===== Information =====

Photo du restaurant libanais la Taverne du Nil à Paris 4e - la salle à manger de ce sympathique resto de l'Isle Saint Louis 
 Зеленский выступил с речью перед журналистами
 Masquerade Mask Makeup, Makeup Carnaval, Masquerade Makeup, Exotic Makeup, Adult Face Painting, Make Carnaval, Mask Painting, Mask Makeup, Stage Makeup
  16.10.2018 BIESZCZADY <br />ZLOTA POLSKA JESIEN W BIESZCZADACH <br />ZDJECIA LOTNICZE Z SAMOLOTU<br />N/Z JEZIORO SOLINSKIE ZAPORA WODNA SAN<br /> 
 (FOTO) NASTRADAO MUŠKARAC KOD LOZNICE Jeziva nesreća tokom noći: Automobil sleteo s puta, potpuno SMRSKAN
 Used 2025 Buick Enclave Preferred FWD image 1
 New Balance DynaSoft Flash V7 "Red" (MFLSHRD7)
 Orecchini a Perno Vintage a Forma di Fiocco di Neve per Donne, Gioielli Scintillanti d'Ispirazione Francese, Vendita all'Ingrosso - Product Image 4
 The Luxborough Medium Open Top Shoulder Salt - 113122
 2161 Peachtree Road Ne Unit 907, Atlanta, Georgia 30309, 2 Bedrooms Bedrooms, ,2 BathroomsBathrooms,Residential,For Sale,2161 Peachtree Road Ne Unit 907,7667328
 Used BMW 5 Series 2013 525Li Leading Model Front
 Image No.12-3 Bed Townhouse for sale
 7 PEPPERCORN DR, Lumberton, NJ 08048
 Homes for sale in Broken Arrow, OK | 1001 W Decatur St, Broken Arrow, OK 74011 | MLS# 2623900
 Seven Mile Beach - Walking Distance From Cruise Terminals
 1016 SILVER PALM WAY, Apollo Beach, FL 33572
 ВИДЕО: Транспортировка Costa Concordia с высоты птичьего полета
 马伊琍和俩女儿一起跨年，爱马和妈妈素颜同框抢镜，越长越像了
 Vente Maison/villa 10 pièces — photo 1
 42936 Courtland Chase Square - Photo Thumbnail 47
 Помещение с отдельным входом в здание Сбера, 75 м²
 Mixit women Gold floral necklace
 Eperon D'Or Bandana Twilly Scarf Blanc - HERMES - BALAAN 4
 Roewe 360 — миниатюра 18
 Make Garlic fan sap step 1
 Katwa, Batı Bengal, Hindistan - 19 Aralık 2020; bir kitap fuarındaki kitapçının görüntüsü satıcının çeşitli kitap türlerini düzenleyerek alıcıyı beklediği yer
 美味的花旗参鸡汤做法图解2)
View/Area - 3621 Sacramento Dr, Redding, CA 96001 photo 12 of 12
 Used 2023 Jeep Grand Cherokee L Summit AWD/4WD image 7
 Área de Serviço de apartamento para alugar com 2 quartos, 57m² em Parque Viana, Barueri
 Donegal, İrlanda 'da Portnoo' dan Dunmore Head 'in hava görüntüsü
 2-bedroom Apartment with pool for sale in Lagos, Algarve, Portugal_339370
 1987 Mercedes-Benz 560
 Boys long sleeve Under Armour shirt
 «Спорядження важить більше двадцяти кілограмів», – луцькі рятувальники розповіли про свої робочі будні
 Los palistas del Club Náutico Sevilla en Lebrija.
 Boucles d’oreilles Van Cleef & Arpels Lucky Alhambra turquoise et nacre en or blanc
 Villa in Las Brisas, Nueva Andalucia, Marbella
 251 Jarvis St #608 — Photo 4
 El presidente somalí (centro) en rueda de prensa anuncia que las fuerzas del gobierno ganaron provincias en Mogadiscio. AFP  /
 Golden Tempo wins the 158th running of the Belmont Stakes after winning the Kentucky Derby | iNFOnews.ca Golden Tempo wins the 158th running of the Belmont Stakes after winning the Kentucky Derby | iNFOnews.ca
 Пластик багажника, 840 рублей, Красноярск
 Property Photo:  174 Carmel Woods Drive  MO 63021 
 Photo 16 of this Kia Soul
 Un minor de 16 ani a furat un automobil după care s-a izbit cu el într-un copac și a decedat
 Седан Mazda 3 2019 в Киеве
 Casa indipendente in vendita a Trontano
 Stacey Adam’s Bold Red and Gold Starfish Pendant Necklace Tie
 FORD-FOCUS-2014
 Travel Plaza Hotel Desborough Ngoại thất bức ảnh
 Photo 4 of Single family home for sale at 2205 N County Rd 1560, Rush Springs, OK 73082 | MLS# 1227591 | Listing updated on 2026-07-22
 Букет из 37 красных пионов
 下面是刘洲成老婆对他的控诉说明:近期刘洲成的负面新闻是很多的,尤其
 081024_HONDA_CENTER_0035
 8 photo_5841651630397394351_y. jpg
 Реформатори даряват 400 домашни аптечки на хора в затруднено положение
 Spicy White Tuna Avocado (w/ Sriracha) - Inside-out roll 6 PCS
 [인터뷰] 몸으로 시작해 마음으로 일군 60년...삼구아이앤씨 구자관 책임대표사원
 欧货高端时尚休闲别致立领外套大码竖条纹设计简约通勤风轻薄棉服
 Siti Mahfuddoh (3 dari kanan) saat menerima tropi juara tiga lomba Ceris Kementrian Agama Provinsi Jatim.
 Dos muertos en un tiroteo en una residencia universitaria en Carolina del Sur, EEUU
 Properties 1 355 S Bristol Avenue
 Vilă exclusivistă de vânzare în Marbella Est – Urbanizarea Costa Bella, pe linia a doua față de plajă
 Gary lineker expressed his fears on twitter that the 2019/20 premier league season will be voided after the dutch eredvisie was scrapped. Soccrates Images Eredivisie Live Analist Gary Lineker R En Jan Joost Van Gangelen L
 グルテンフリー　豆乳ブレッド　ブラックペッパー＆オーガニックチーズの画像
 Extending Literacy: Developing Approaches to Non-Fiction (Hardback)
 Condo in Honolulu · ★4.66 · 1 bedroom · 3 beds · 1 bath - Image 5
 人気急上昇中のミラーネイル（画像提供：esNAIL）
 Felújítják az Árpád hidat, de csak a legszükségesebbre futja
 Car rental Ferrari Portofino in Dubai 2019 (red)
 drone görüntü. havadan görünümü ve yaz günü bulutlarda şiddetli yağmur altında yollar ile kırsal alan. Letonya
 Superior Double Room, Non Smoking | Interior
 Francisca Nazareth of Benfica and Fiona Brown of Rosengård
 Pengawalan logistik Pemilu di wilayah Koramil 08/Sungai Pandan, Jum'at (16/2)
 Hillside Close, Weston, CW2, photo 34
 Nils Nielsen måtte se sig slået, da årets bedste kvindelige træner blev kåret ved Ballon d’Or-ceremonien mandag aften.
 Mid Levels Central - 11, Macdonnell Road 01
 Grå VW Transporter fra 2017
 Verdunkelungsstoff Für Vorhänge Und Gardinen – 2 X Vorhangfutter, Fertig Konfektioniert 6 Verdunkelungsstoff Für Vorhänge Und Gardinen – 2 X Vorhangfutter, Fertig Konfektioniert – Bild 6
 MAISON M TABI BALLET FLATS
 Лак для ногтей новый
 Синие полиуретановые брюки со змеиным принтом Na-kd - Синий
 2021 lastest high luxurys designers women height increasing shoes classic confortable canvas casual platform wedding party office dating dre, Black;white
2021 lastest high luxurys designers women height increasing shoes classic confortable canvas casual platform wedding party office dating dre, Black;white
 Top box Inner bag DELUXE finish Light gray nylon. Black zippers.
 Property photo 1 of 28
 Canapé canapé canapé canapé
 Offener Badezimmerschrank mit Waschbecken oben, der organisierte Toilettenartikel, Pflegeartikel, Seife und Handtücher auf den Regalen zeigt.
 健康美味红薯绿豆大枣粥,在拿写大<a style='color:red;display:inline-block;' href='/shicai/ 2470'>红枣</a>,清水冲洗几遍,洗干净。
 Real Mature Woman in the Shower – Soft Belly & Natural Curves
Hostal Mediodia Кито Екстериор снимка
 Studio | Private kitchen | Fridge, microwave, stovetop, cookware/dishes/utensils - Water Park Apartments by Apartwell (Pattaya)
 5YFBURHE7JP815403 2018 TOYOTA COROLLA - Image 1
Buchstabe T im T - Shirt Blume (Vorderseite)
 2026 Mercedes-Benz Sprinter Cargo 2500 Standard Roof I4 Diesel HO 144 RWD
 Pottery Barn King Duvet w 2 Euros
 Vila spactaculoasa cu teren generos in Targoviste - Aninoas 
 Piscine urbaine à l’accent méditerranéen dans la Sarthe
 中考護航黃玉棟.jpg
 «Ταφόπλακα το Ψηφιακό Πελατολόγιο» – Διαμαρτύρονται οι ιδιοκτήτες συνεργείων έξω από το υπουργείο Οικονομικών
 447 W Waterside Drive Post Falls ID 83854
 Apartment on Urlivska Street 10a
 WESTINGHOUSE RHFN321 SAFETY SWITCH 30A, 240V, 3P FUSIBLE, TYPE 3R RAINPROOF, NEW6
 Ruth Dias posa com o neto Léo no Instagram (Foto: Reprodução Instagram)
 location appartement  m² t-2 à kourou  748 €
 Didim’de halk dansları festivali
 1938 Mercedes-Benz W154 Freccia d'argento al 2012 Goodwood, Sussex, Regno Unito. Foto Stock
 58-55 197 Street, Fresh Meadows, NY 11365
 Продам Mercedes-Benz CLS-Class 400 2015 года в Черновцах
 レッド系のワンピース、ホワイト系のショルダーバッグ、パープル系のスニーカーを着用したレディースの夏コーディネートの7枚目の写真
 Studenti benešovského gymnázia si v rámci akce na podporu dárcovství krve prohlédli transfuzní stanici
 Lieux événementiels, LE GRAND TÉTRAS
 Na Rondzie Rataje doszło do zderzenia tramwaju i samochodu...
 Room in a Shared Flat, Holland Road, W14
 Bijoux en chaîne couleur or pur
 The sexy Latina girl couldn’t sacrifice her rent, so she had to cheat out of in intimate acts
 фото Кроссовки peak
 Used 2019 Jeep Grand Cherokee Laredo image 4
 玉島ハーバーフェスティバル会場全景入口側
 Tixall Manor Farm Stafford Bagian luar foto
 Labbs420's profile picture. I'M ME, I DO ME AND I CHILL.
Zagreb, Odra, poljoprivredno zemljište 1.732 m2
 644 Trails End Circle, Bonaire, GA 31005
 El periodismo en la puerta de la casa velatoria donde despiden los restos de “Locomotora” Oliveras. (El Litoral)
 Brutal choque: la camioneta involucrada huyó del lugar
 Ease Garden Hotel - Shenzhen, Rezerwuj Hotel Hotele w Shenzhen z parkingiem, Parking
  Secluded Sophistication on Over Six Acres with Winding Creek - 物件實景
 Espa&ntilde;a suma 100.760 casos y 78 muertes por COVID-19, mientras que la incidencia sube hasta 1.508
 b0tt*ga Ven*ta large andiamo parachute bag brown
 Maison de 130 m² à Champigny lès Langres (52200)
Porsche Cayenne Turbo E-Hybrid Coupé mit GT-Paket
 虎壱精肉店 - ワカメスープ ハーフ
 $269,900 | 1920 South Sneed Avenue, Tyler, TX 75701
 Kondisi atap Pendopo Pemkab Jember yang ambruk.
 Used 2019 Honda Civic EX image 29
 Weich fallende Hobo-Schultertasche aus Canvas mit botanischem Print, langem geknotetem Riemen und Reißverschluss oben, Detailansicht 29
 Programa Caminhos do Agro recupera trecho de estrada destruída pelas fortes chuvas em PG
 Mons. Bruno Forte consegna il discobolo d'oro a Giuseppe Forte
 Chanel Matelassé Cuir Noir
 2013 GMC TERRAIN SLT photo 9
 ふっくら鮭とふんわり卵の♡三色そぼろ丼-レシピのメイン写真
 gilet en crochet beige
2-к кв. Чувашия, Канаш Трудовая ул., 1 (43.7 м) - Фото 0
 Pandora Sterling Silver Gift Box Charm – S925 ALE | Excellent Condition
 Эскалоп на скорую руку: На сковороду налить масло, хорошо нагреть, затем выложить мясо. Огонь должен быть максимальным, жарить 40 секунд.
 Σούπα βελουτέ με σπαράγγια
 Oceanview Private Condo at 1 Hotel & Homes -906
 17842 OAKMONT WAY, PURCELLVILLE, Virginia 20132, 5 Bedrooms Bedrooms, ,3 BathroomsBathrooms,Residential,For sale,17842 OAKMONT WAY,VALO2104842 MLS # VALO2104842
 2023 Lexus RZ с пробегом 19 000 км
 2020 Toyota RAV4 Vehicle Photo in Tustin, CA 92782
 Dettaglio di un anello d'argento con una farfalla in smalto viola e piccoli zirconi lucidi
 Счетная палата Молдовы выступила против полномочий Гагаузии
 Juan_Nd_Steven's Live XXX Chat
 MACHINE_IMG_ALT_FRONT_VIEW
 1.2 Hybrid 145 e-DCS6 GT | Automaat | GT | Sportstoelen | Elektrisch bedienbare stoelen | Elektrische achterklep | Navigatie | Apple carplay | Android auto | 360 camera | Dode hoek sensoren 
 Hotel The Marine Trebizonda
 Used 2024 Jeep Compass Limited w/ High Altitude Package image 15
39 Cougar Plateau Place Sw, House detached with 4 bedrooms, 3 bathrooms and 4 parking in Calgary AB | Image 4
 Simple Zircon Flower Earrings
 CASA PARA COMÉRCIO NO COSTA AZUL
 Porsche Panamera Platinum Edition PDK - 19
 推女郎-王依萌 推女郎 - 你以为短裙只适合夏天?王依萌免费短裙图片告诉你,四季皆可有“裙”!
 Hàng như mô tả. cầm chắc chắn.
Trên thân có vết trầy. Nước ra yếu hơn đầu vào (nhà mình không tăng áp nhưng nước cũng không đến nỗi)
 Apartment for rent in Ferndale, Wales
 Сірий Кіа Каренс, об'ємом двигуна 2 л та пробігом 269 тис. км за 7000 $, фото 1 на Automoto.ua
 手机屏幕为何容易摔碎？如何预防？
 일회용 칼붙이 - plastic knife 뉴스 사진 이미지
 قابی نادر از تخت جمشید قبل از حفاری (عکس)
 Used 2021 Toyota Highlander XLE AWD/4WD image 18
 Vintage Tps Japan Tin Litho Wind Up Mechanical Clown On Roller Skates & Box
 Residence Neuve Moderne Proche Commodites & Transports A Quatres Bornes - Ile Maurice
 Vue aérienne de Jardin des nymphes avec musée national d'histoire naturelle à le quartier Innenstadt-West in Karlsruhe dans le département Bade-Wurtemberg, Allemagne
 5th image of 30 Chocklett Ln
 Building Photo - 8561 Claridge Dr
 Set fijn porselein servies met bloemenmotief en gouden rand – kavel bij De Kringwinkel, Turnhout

=====

* _Exercise description_
In the entries above, one line contains "Mid Levels Central - 11, Macdonnell Road 01" and another contains "Лак для ногтей новый". Reproduce exactly those two lines and the lines between them, nothing else.

* _Answer space_
 Mid Levels Central - 11, Macdonnell Road 01
 Grå VW Transporter fra 2017
 Verdunkelungsstoff Für Vorhänge Und Gardinen – 2 X Vorhangfutter, Fertig Konfektioniert 6 Verdunkelungsstoff Für Vorhänge Und Gardinen – 2 X Vorhangfutter, Fertig Konfektioniert – Bild 6
 MAISON M TABI BALLET FLATS
 Лак для ногтей новый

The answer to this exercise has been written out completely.